--- Provided data Enclosed Below ---

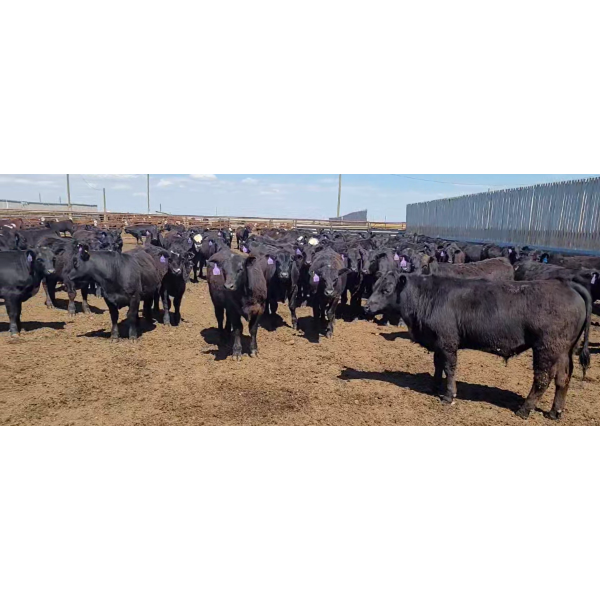 Cattlewood Farms Ltd. - 690# May Delivery Steers - 117 Head (Stirling, AB)
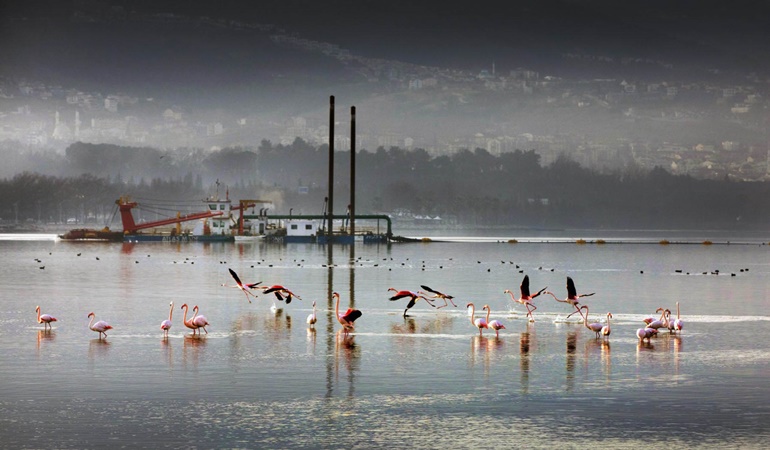 Sayısız deniz canlısı Körfez’e geri döndü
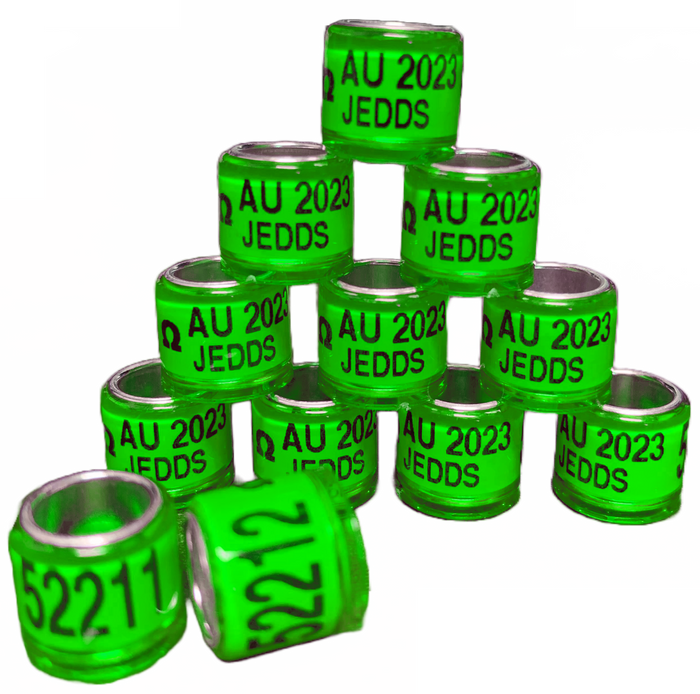 2026 SEAMLESS A.U. BANDS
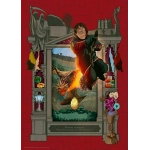Harry Potter und das Trimagische Turnier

--- End of Enclosed Provided data ---

Word-for-word transcript, pictures excluded: copy all the material above.

-- Result of this exercise --
 Cattlewood Farms Ltd. - 690# May Delivery Steers - 117 Head (Stirling, AB)
 Sayısız deniz canlısı Körfez’e geri döndü
 2026 SEAMLESS A.U. BANDS
Harry Potter und das Trimagische Turnier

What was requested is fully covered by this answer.